*Aim of the task*: Reproduce exactly the lines below, from the first one through the line containing "LADIES SEMI MOUNT", and omit any pictures.

(Provided records Opens)

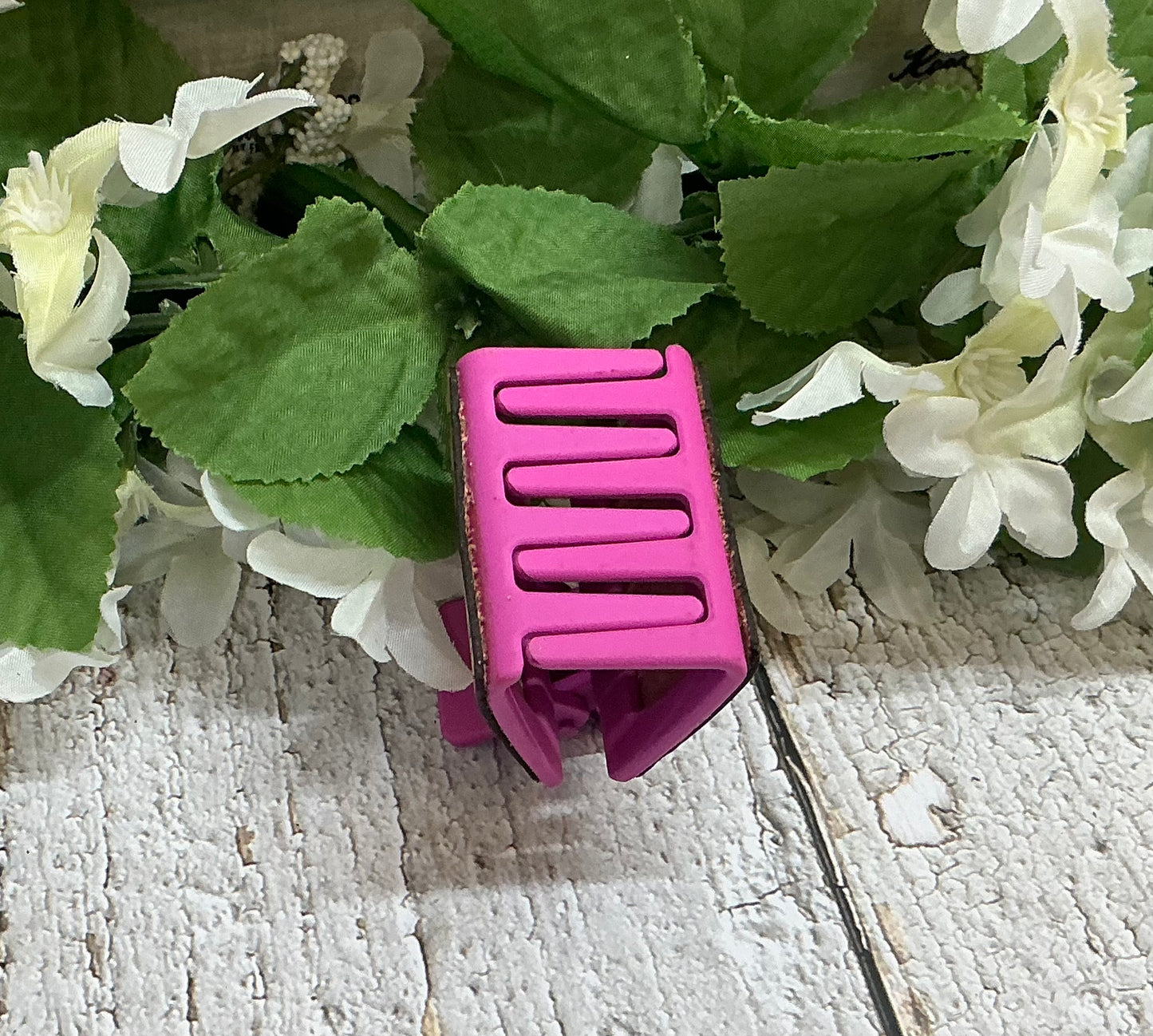 Pink Floral Leather Hair Claw Clip - Small 2"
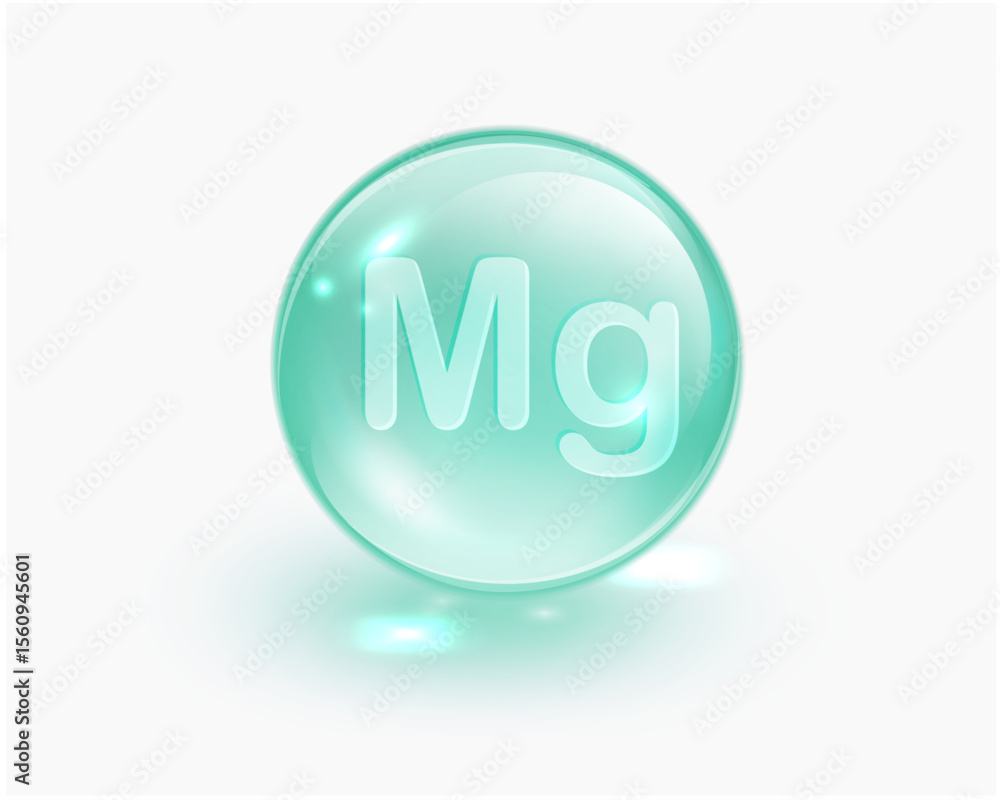 Magnesium (Mg) Mineral Supplement Softgel Capsule Symbol Magnesium (Mg) Mineral Supplement Softgel Capsule Symbol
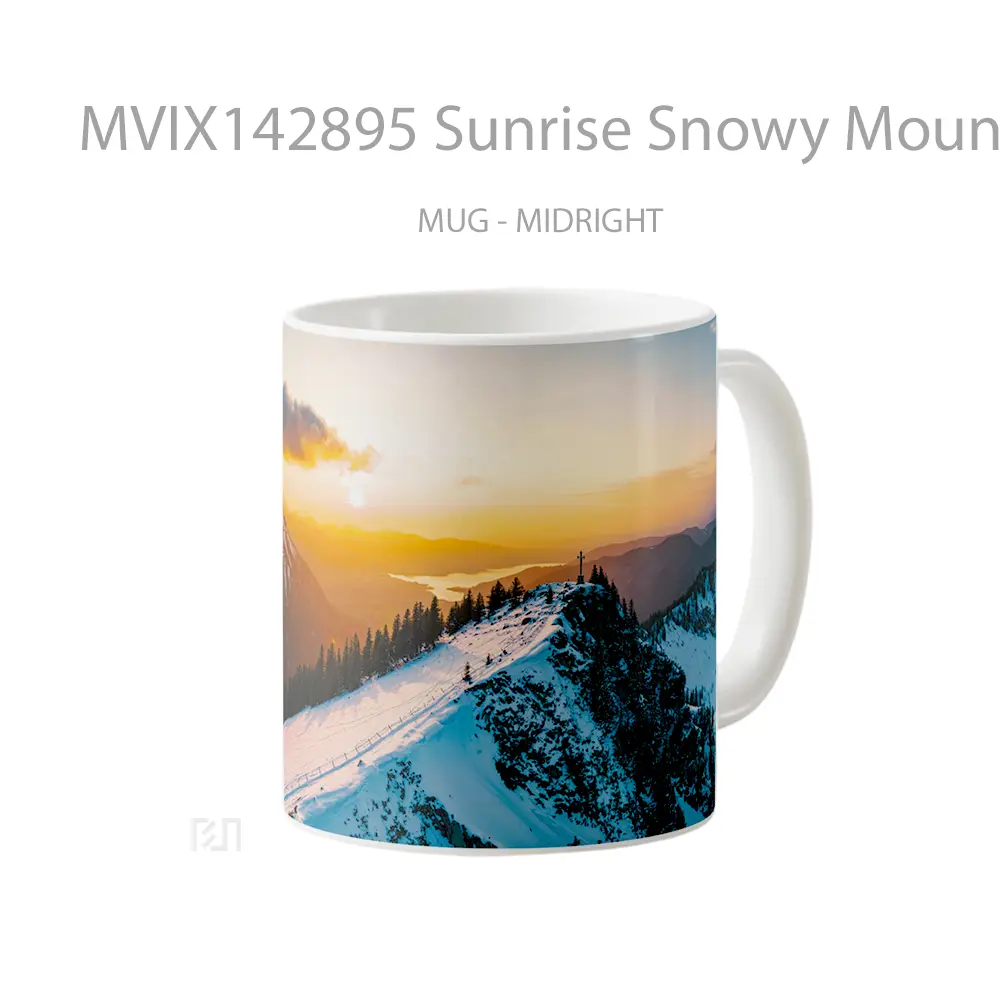 Mug Sunrise Snowy Mountain Scenery Gelas Pemandangan Alam - All-side / Desain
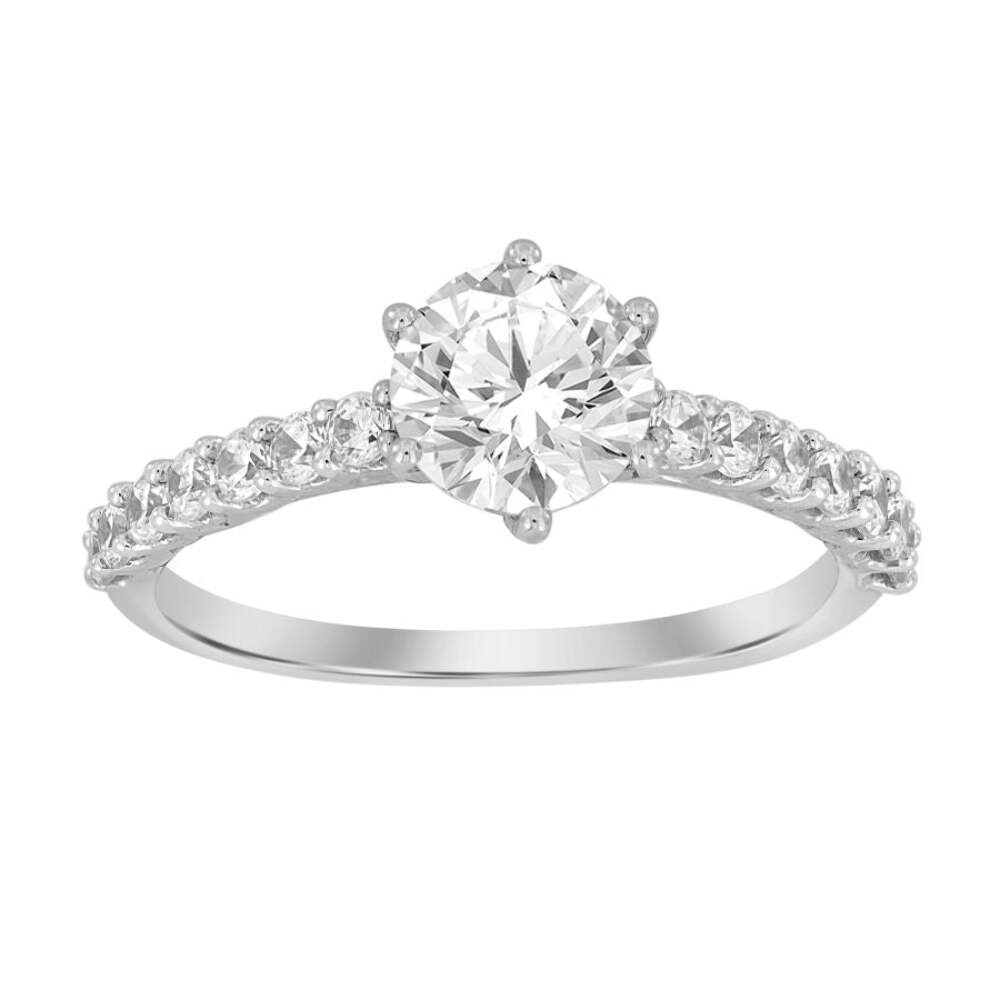 LADIES SEMI MOUNT RING 0.50CT ROUND DIAMOND 14K WHITE GOLD (CENTER STONE 1.00CT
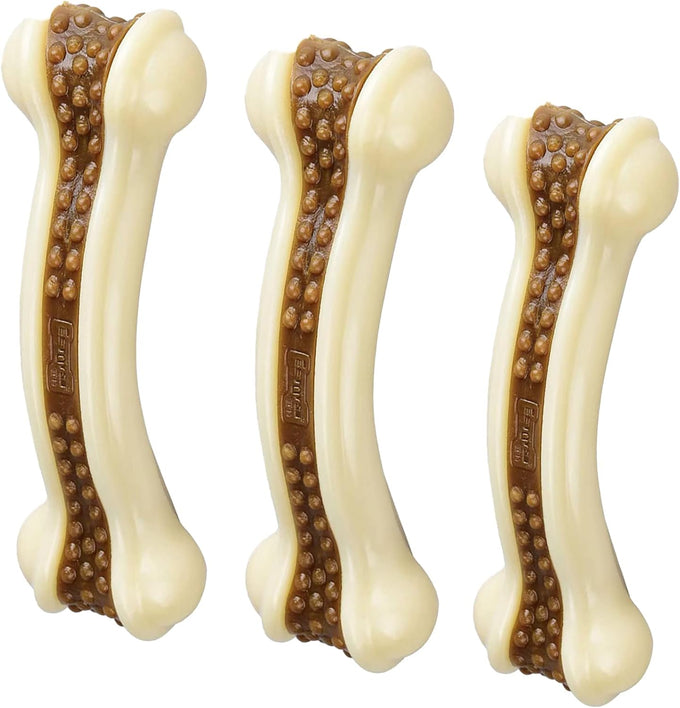 Nylon dog chew toys, 2 pack, beef flavor, indestructible, teething, bone shape, large, medium, small puppies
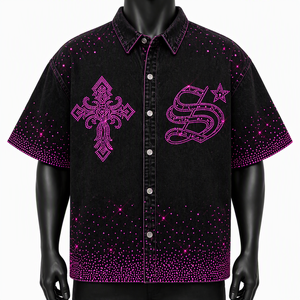 Custom Men Denim Short Sleeve <b>Shirt</b> <b>Y2K</b> Rhinestone Diamond Cross Sparkle Bling Button Down Oversized Hip Hop Streetwear Top Jean - Product Image 1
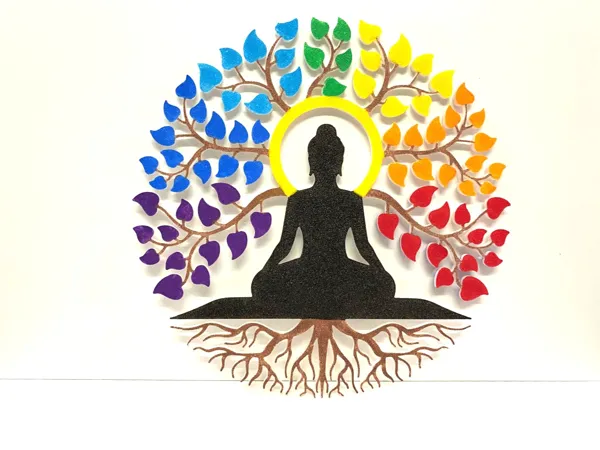 Bouddha sous l'arbre coloré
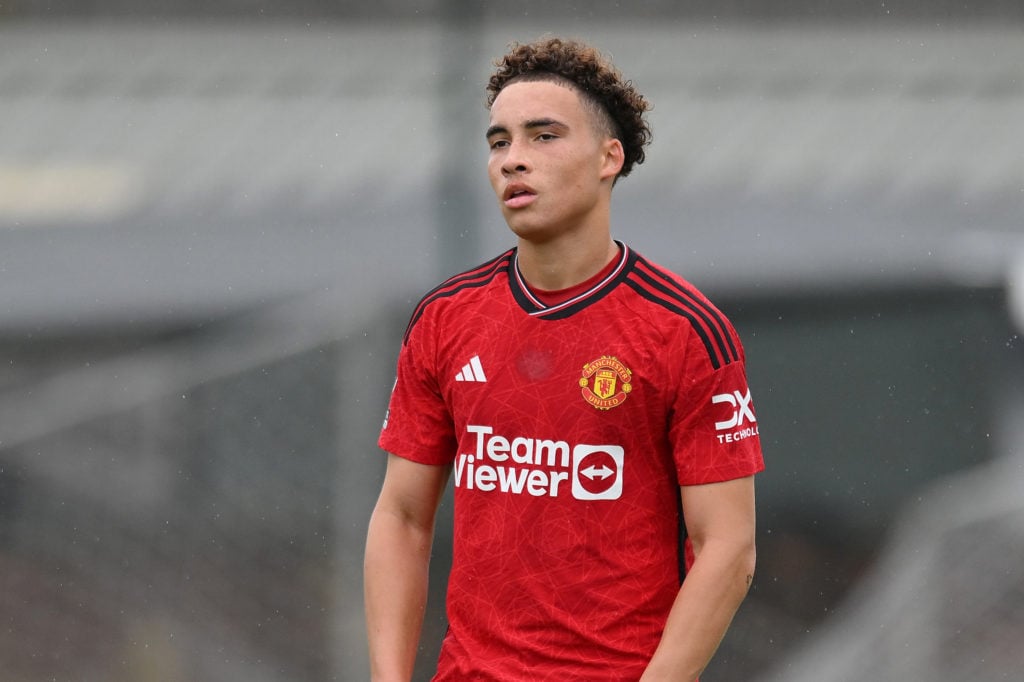 Sam Murray of Manchester United at Leyland County Ground on September 30, 2023 in Leyland, England.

(Provided records Closes)

*Exercise solution*:
 Pink Floral Leather Hair Claw Clip - Small 2"
 Magnesium (Mg) Mineral Supplement Softgel Capsule Symbol Magnesium (Mg) Mineral Supplement Softgel Capsule Symbol
 Mug Sunrise Snowy Mountain Scenery Gelas Pemandangan Alam - All-side / Desain
 LADIES SEMI MOUNT RING 0.50CT ROUND DIAMOND 14K WHITE GOLD (CENTER STONE 1.00CT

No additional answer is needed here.